First Read is a morning briefing from Meet the Press and the NBC Political Unit on the day's most important political stories and why they matter.
Image: Barack Obama
President-elect Barack Obama, speaks during the election party at the Grant Park in Chicago, Tuesday, Nov. 4, 2008.Nam Y. Huh / AP

First Read is a morning briefing from Meet the Press and the NBC Political Unit on the day's most important political stories and why they matter.

The Final Battle of the Obama War

One way to view the presidential contest between Hillary Clinton and Donald Trump is it being the final battle of the eight-year-long Obama War. Think about it: You have one candidate (Clinton) who has embraced 98% of Obama’ agenda, as the current president has spent much of the fall campaigning for her, including last night in Philadelphia.

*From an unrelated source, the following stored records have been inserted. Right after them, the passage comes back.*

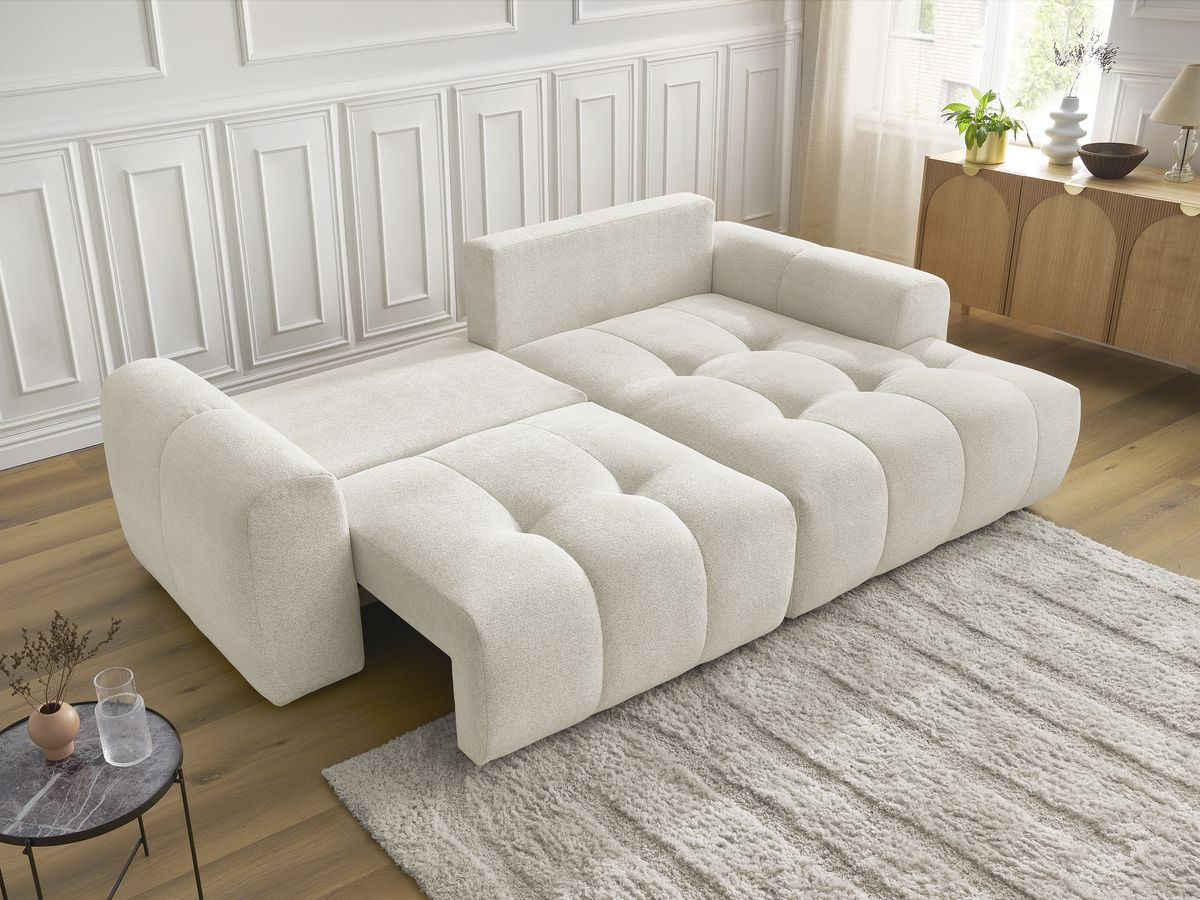 Bobochic Roxelane Ecksofa mit Schlaffunktion und Bettkasten 258 × 150 cm Melange-Stoff Weiß Ecke rechts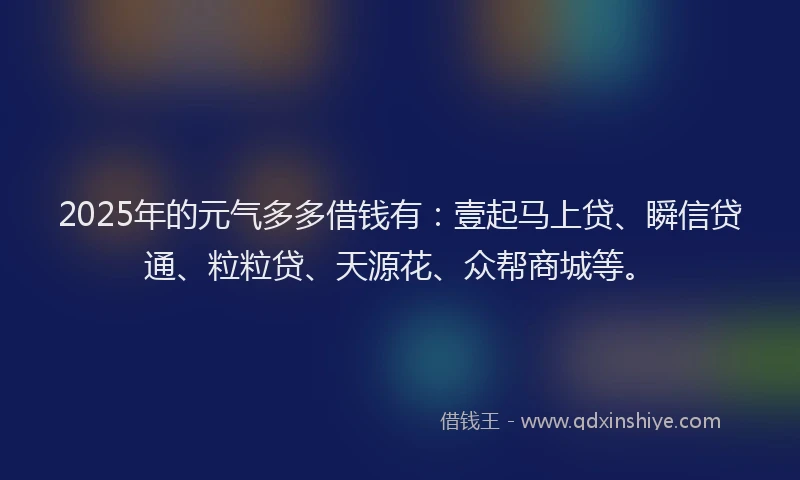 2025年的元气多多借钱有：壹起马上贷、瞬信贷通、粒粒贷、天源花、众帮商城等。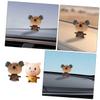 ABOOFAN 2pcs Car Dashboard Decor Cute Cartoon Animal Spring Toy with Car Freshener Pig and Ornament for Vehicle Interior Accessories Whimsical Design for All view 4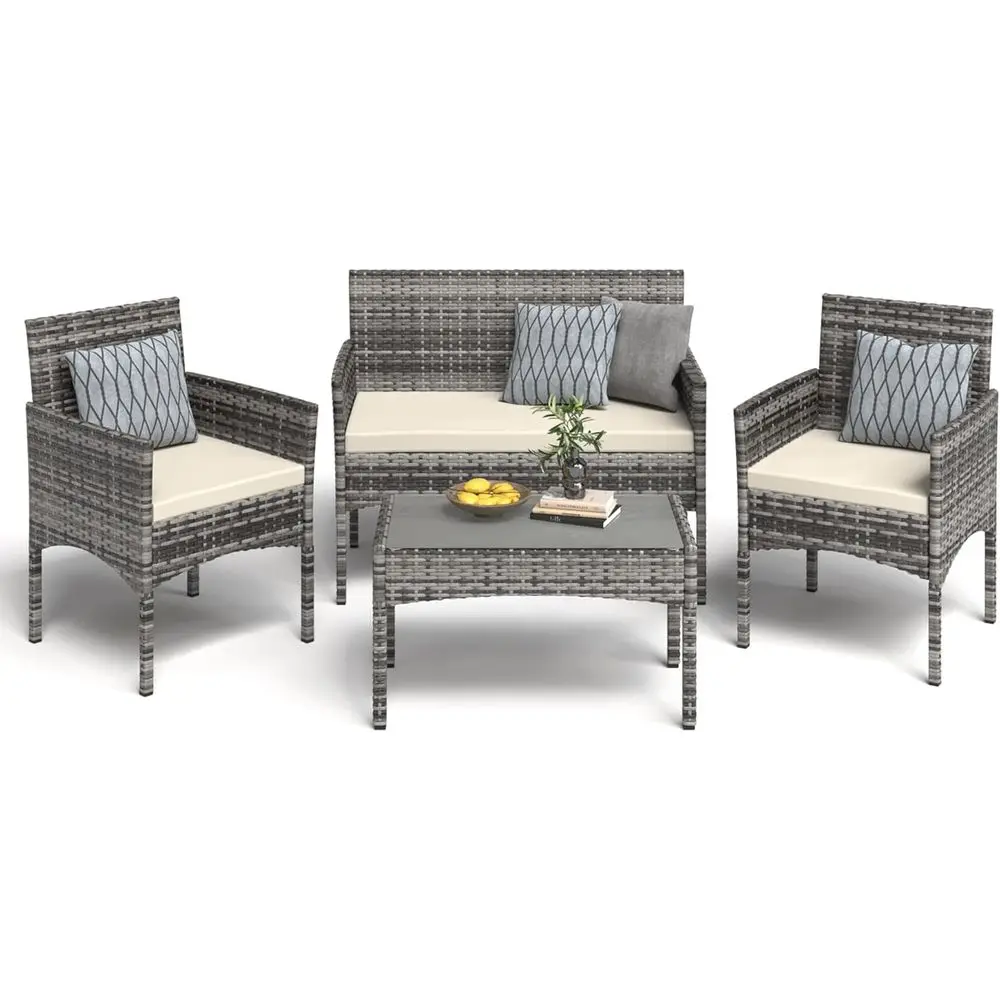 4-Piece Outdoor Wicker Patio Furniture Set with Waterproof Cushions for Garden, Poolside, and Balcony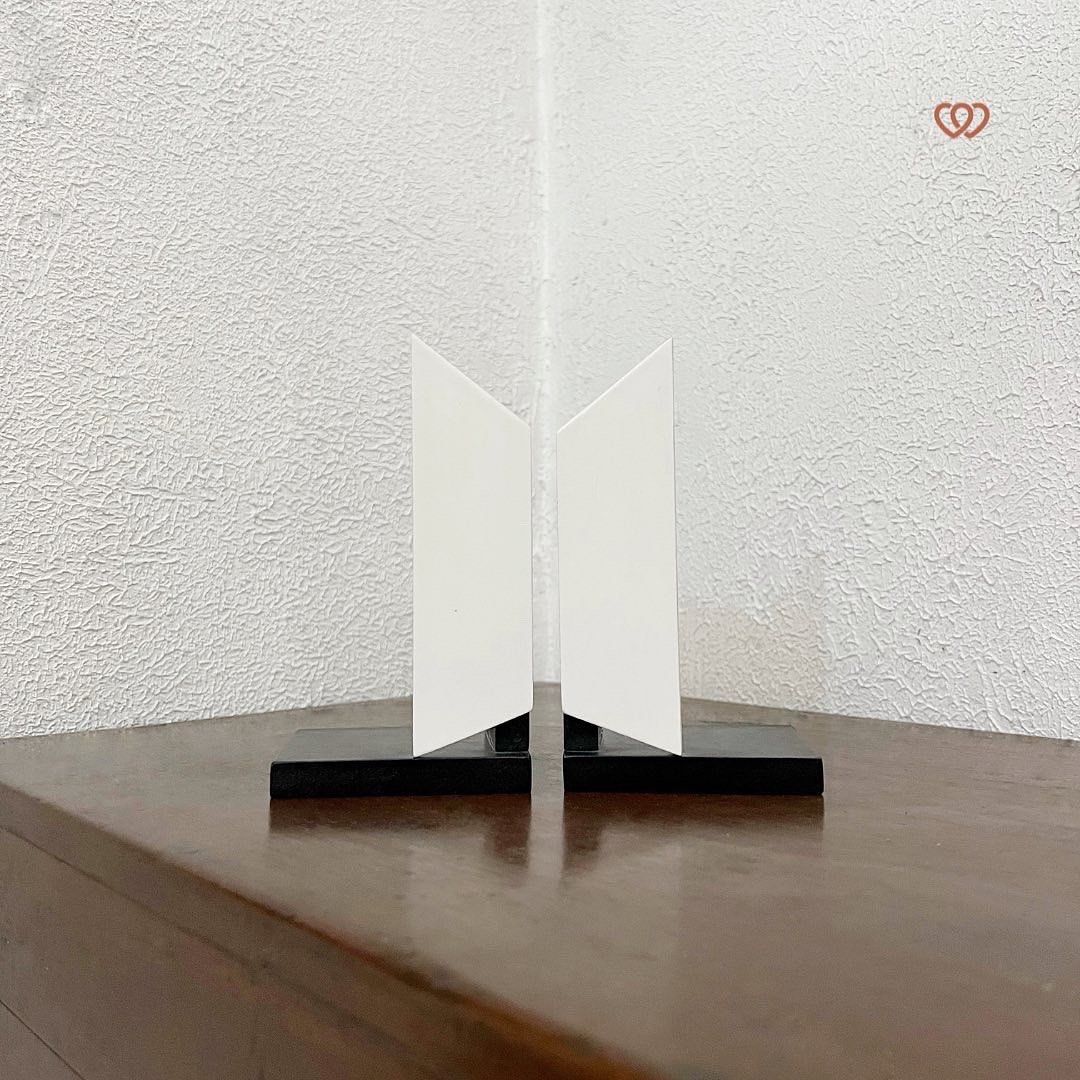 [MADE-TO-ORDER] BTS Logo Bookends (Category: K-Wave Merchandise) located in Quezon City. Submitted by heartworkph (Listing ID 1196841680, Image 3). Description: WTS LFB BTS Order now: https://heartworkph.carrd.co BTS Logo Bookends Perfect for your book, album, and DVD collection! — Price: ₱499/pair — If custom color: ₱549/pair — Material: MDF (Wood) — Size: 8.8cm (L) x 7.4cm (D) x 15.7cm (H) — Color options are at the last picture Other details: 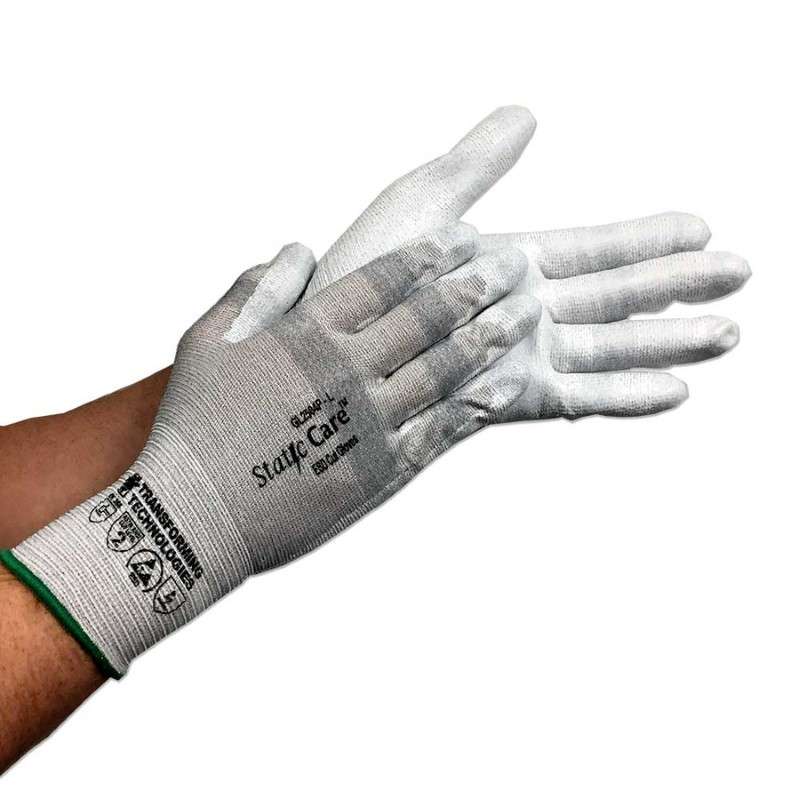 ESD Cut Resistant Gloves, Palm Coated, Large, 12 Pairs/Package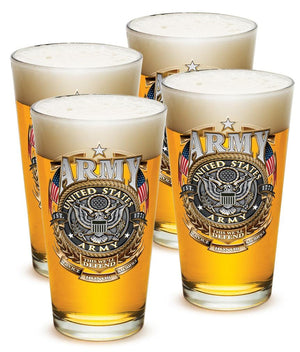 More Picture, Army Gold Shield 16oz Pint Glass Glass Set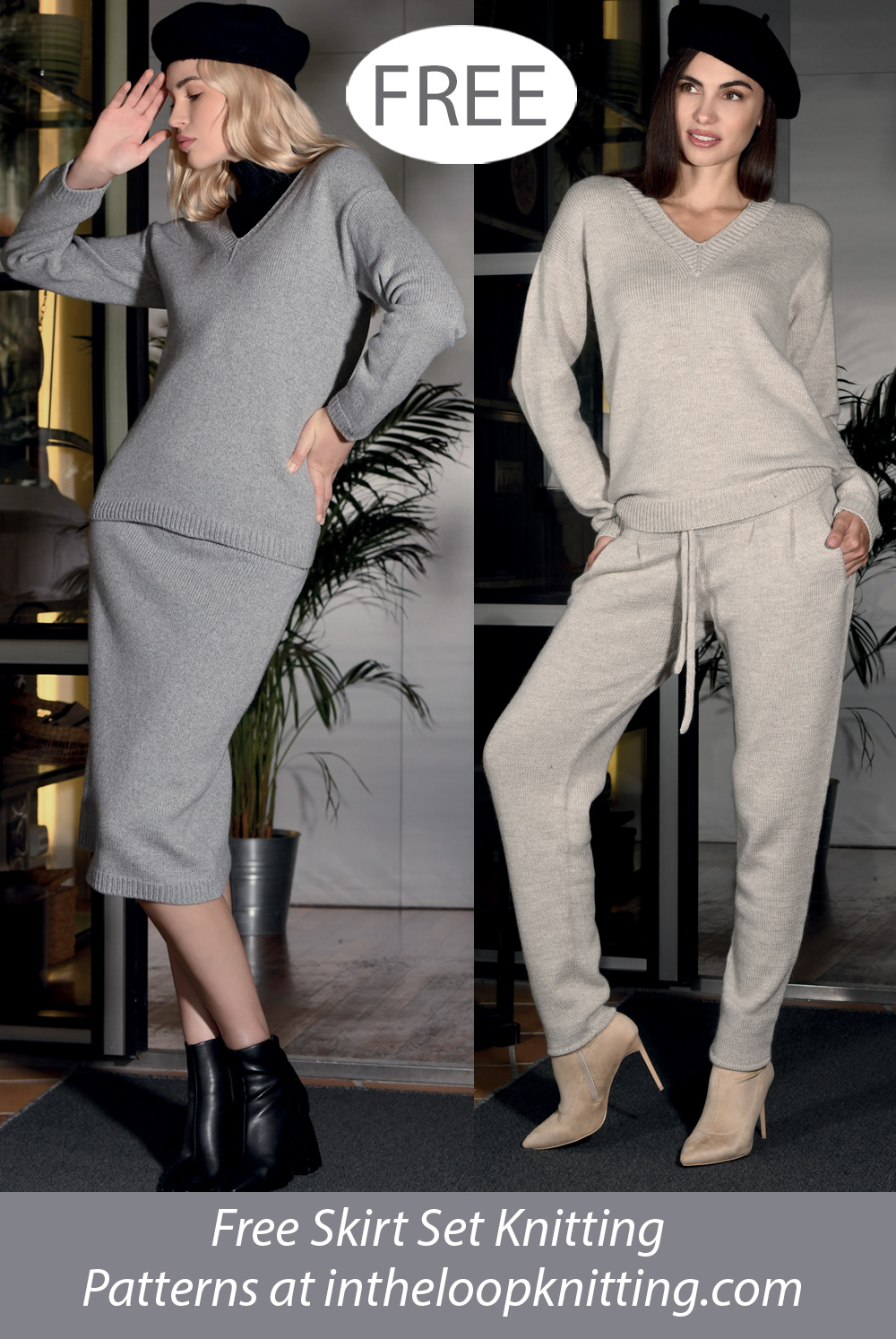 Skirt Suit and Pant Suit Knitting Pattern Set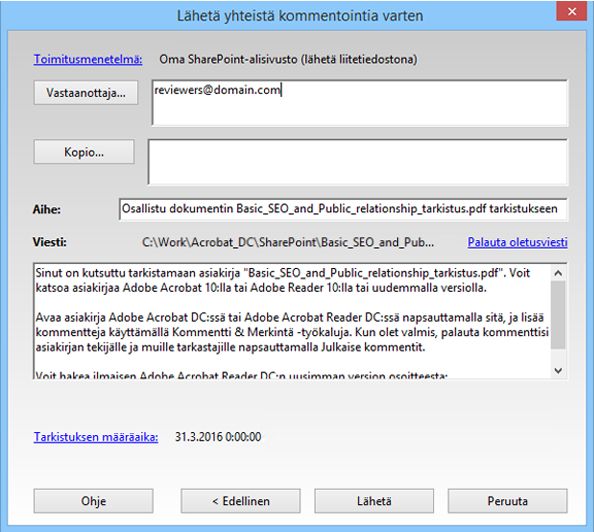 Lisää tarkistajat ja lähetä
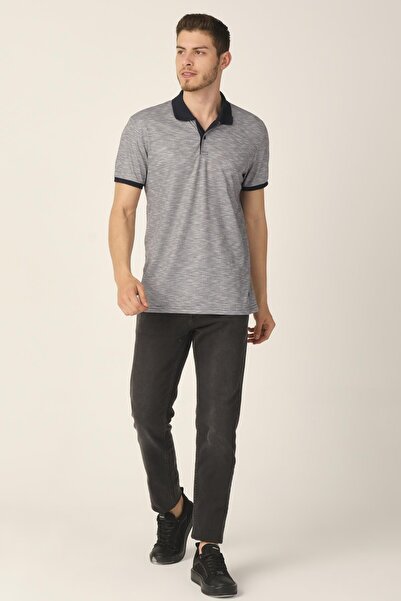 ALEXANDERGARDI Tricou pentru bărbați, albastru marin, jacquard, cu guler polo...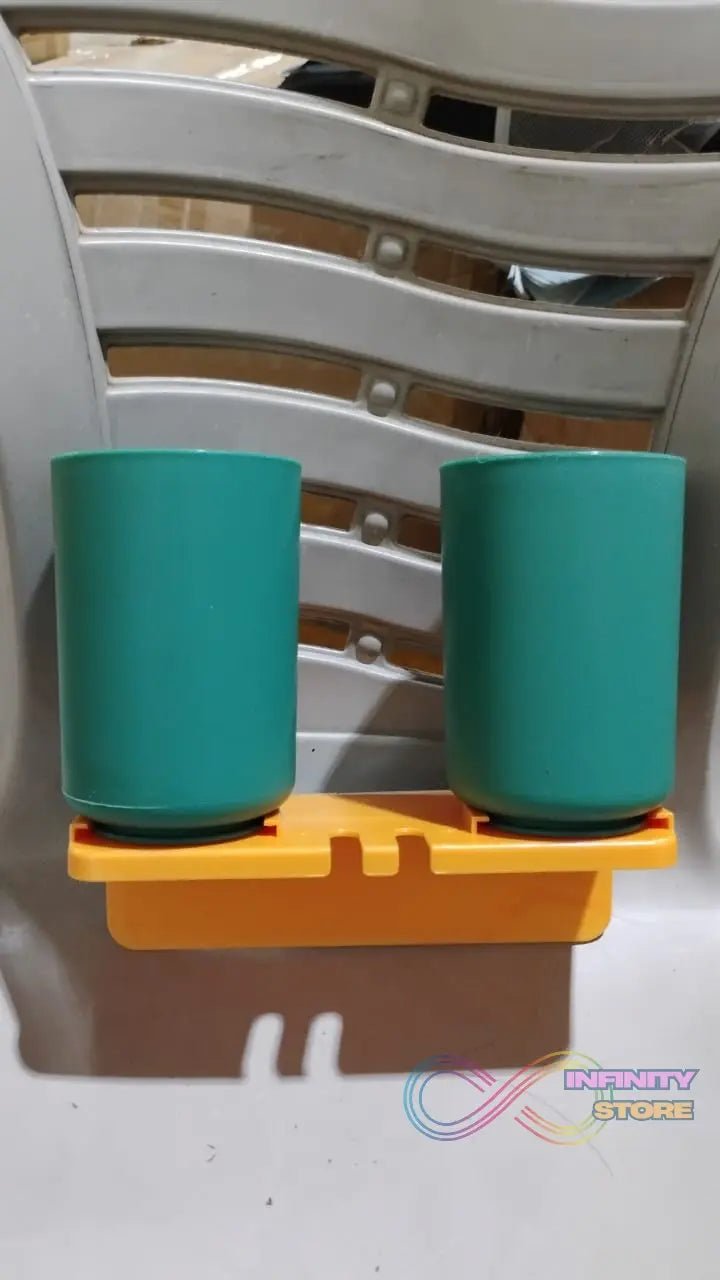 Multipurpose Wall Mount Toothbrush Holder Plastic Stand With 2 Cup (1 Set) - infinityexculsivestore.com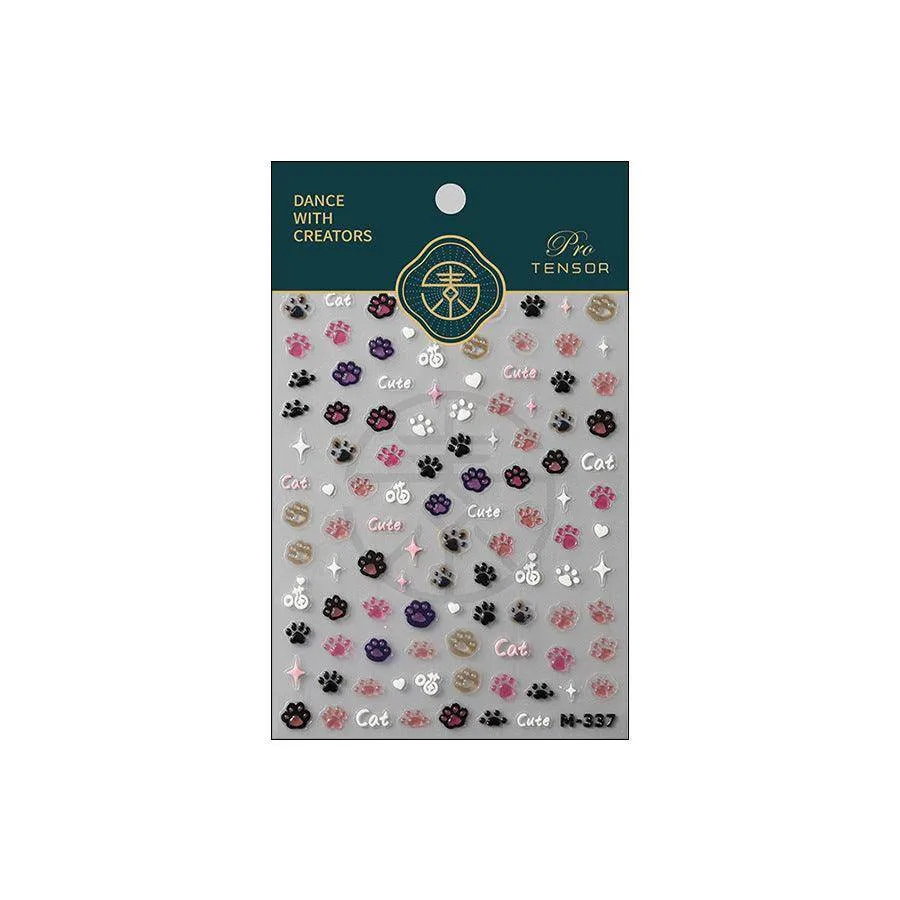 Cartoon Claw Nail Art Stickers Adhesive Embossed Cute Paw Sticker DecalsTS3660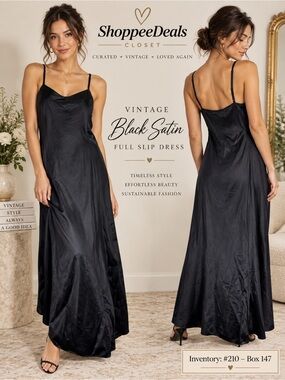 Vintage Wonder Maid Non-Cling Black Full Slip Dress Union Label Style 2990
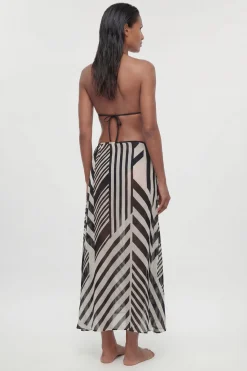 KarenMillen Jupe De Plage En Georgette De Viscose À Rayures chromes<Femme Maillots De Bain|Tenues De Plage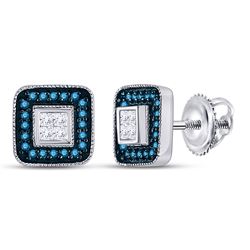 1/3 CTW Round Blue Color Enhanced Diamond Square Frame Cluster Earrings 10kt White Gold - REF-21R5H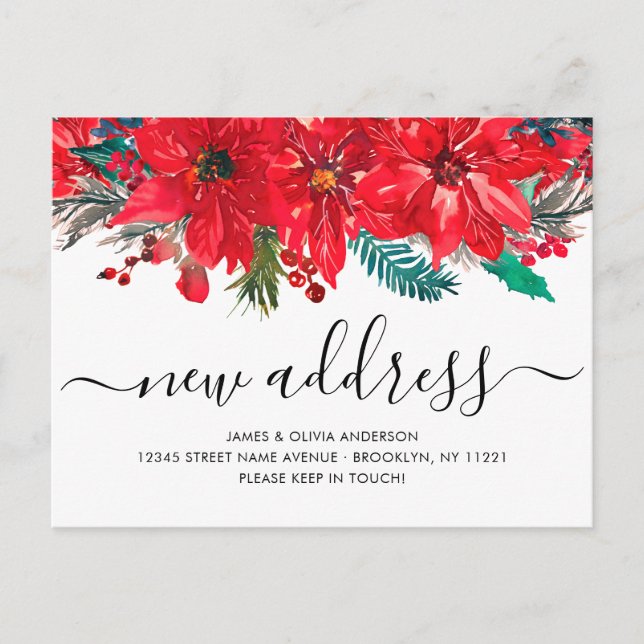 Postal De Anuncios Dirección Nueva de Navidad Poinsettia Fiesta de Mu (Anverso)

And you have the other candidate (Trump) who not only first entered the political fray of the Obama Era by questioning the president’s birthplace and legitimacy for office, but who is also Obama’s polar opposite in so many ways. That’s why the divides we see in this Clinton-vs.-Trump contest -- on race, gender, age, and geography -- were the same ones we spotted eight years ago. The Obama Era has featured so many different political battles. 2008. Obamacare. The Debt-Ceiling Standoff. 2012. The Government Shutdown. The 2014 Midterms. And tonight is the final one. Which side will win? There are no certainties in politics, but the side who has a current president with a 53% approval rating in the last NBC/WSJ poll has the upper hand. And a Clinton win would be affirmation that Obama is the Democratic Party’s Ronald Reagan. Indeed, remember the last time a party won a third-straight presidential election -- in 1988, when George HW Bush succeeded a popular Reagan.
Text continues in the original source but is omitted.